I want to chime in as we are experiencing the same issue, with the same versions of software:
Centos 7, cryoSPARC 3.2.0, NVIDIA driver 460.67, CUDA version 11.2.
The output in the main job window in a web browser:
[CPU: 6.10 GB] Particles selected : 4798732
[CPU: 6.10 GB] Particles excluded : 9319942
[CPU: 6.11 GB] Done.
[CPU: 6.11 GB] Interactive backend shutting down.
[CPU: 4.39 GB] --------------------------------------------------------------
[CPU: 4.39 GB] Compiling job outputs...
[CPU: 4.39 GB] Passing through outputs for output group particles_selected from input group particles
[CPU: 6.60 GB] This job outputted results ['blob', 'alignments2D']
[CPU: 6.60 GB] Loaded output dset with 4798732 items
[CPU: 6.60 GB] Passthrough results ['ctf', 'location', 'pick_stats']
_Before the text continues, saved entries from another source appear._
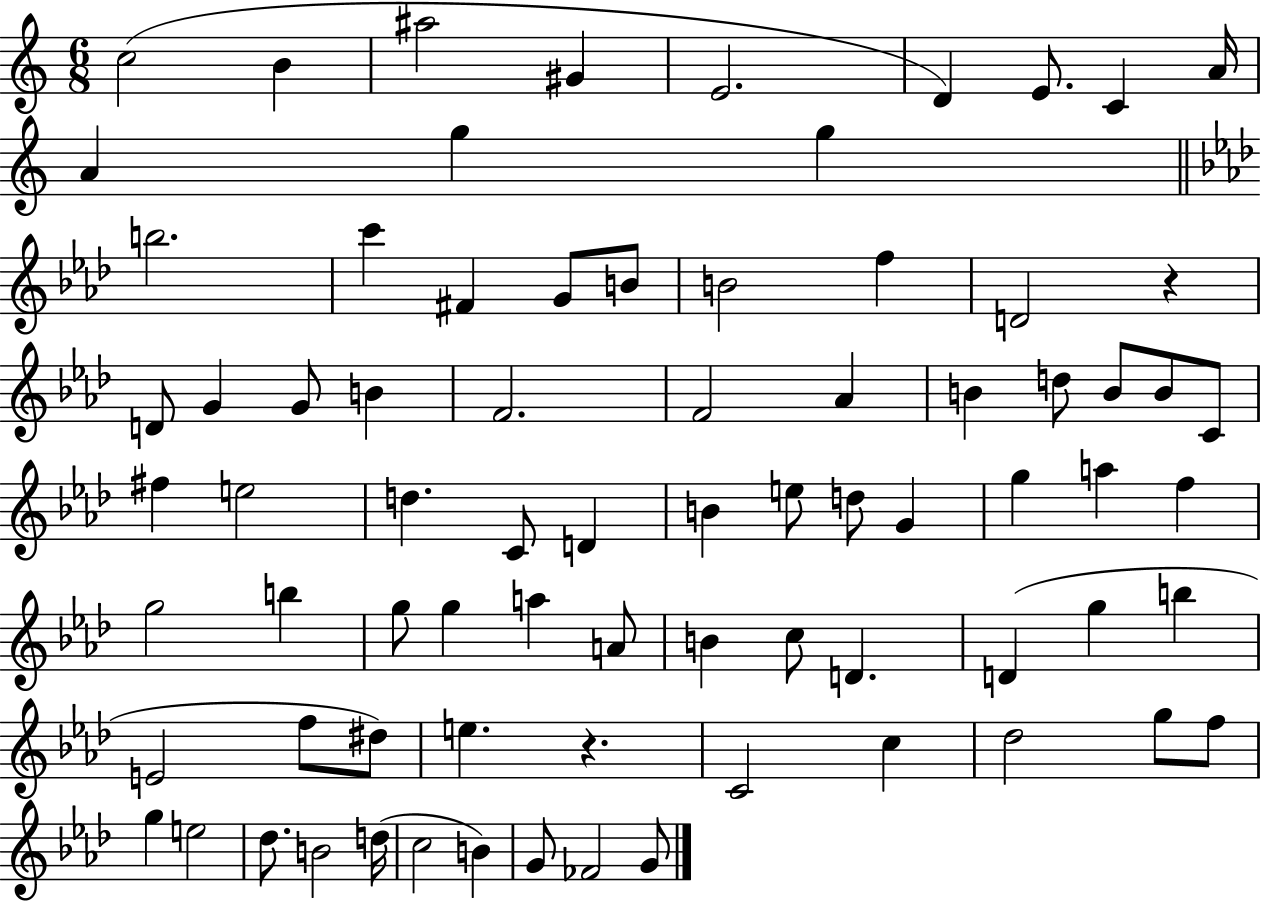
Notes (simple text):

C5/h B4/q A#5/h G#4/q E4/h. D4/q E4/e. C4/q A4/s A4/q G5/q G5/q B5/h. C6/q F#4/q G4/e B4/e B4/h F5/q D4/h R/q D4/e G4/q G4/e B4/q F4/h. F4/h Ab4/q B4/q D5/e B4/e B4/e C4/e F#5/q E5/h D5/q. C4/e D4/q B4/q E5/e D5/e G4/q G5/q A5/q F5/q G5/h B5/q G5/e G5/q A5/q A4/e B4/q C5/e D4/q. D4/q G5/q B5/q E4/h F5/e D#5/e E5/q. R/q. C4/h C5/q Db5/h G5/e F5/e G5/q E5/h Db5/e. B4/h D5/s C5/h B4/q G4/e FES4/h G4/e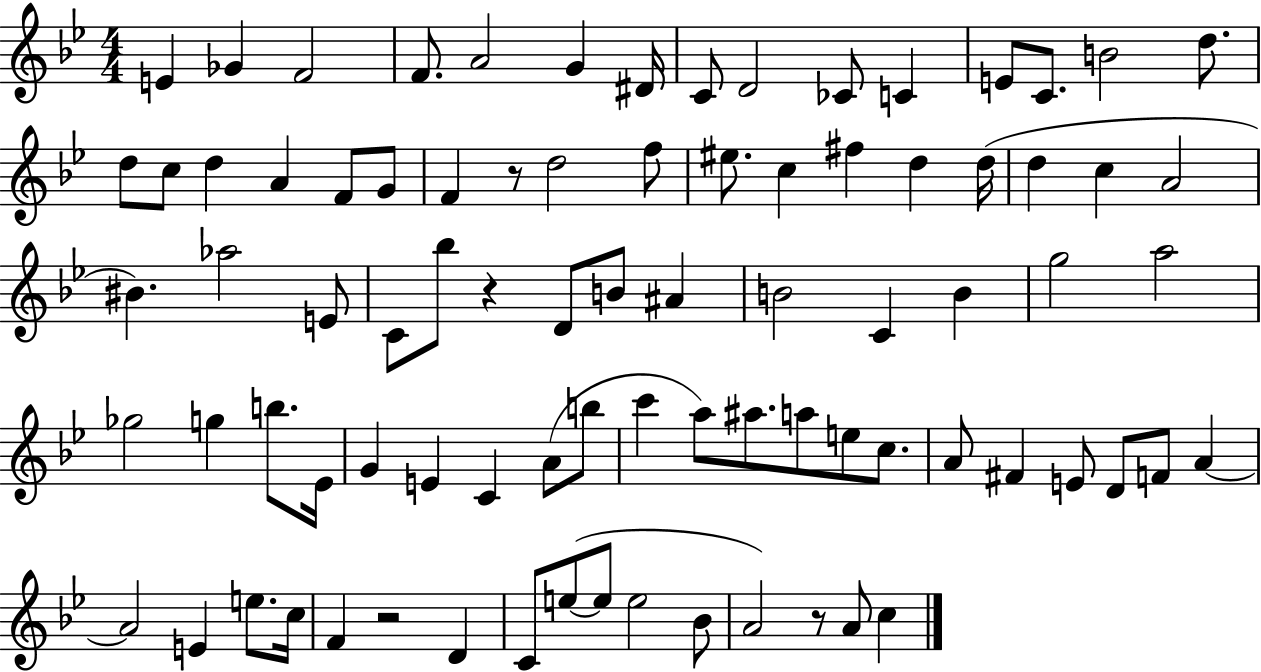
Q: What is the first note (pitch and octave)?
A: E4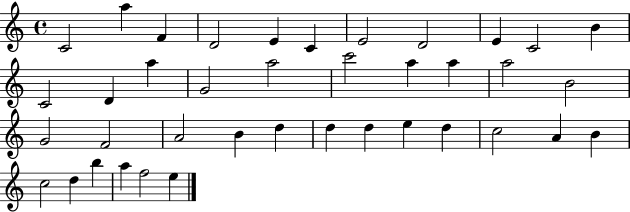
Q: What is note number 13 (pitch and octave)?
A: D4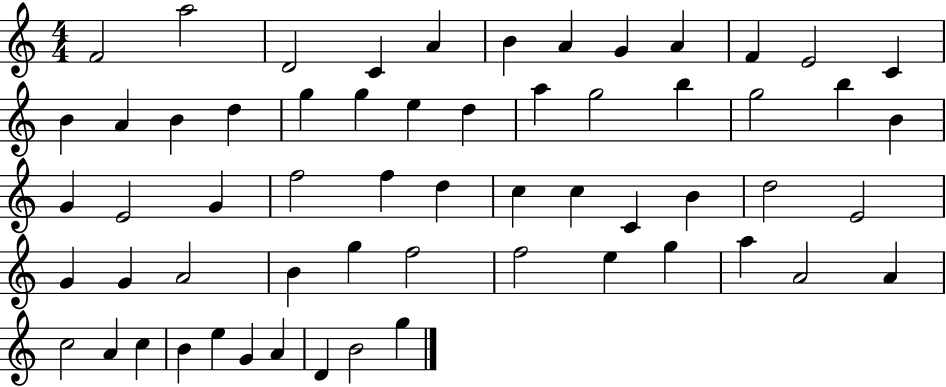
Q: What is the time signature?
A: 4/4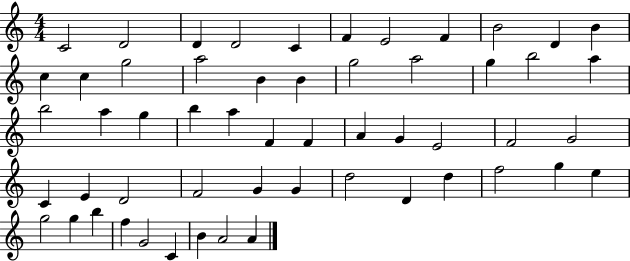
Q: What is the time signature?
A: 4/4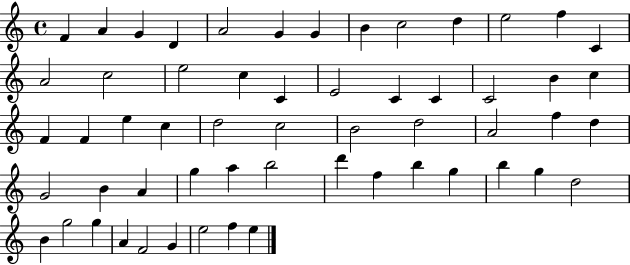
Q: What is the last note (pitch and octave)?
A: E5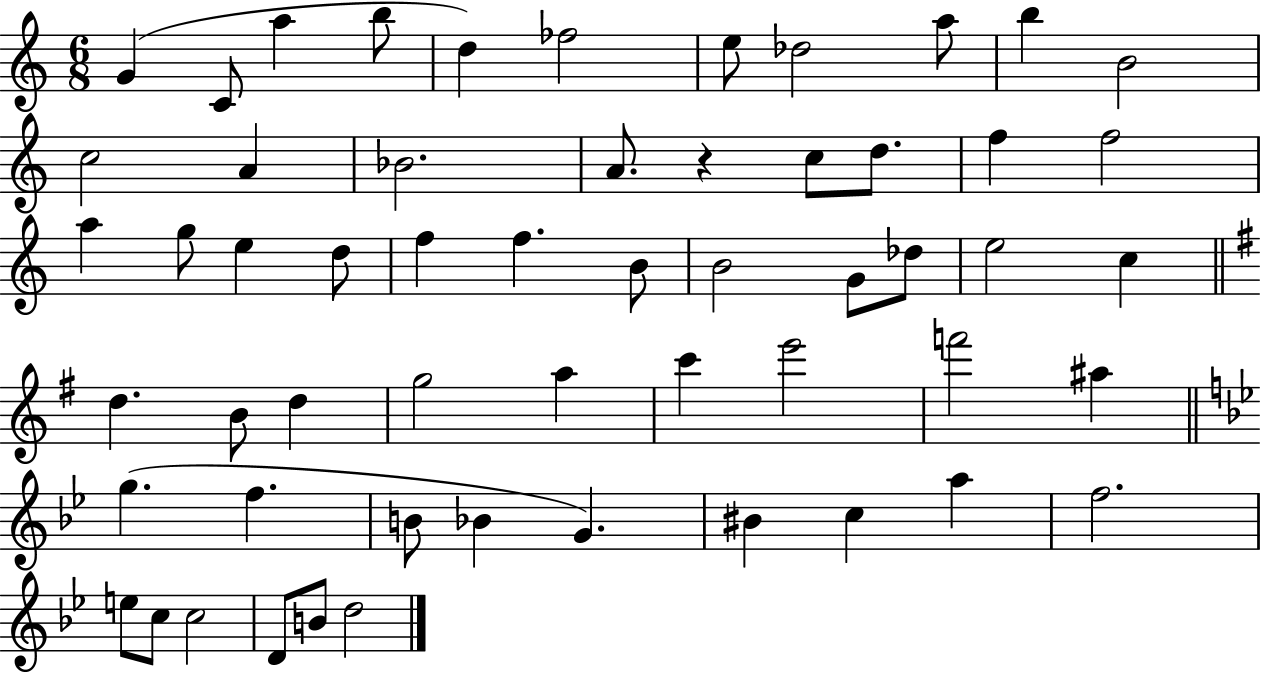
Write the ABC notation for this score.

X:1
T:Untitled
M:6/8
L:1/4
K:C
G C/2 a b/2 d _f2 e/2 _d2 a/2 b B2 c2 A _B2 A/2 z c/2 d/2 f f2 a g/2 e d/2 f f B/2 B2 G/2 _d/2 e2 c d B/2 d g2 a c' e'2 f'2 ^a g f B/2 _B G ^B c a f2 e/2 c/2 c2 D/2 B/2 d2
[CPU: 11.86 GB] Loaded passthrough dset with 14118674 items
[CPU: 10.75 GB] Intersection of output and passthrough has 4798732 items
[CPU: 10.75 GB] Passing through outputs for output group particles_excluded from input group particles
[CPU: 10.78 GB] This job outputted results ['blob', 'alignments2D']
[CPU: 10.78 GB] Loaded output dset with 9319942 items
[CPU: 10.78 GB] Passthrough results ['ctf', 'location', 'pick_stats']
[CPU: 55.9 MB] ====== Job process terminated abnormally.
However job.log file does not say anything useful:
================= CRYOSPARCW ======= 2021-09-01 12:09:20.473610 =========
Project P24 Job J472
Master xxx.xxx.xxx Port 39002
===========================================================================
========= monitor process now starting main process
MAINPROCESS PID 47428
========= monitor process now waiting for main process
MAIN PID 47428
select2D.run cryosparc_compute.jobs.jobregister
========= sending heartbeat
***************************************************************
INTERACTIVE JOB STARTED === 2021-09-01 12:09:36.769559 ==========================
========= sending heartbeat
* Serving Flask app "select_2D" (lazy loading)
* Environment: production
WARNING: This is a development server. Do not use it in a production deployment.
Use a production WSGI server instead.
* Debug mode: off
========= sending heartbeat
========= main process now complete.
========= monitor process now complete.
I see @stephan providing lots of help - can you help us?
Thanks for reporting. It seems like you’re processing a lot of particles. Could the master node be running out of memory and terminating the python process? Try monitoring RAM usage while this job is completing- the join operation at the end of the job (which is where your job seems to have died) could be the culprit here.
Thank you, @stephan. I really appreciate your help and advice.
In fact, I already monitored the memory usage roughly with “top”, and the process used at most 20GB of RAM which is well within the 256GB available. After reaching 20.2GB, the main process died.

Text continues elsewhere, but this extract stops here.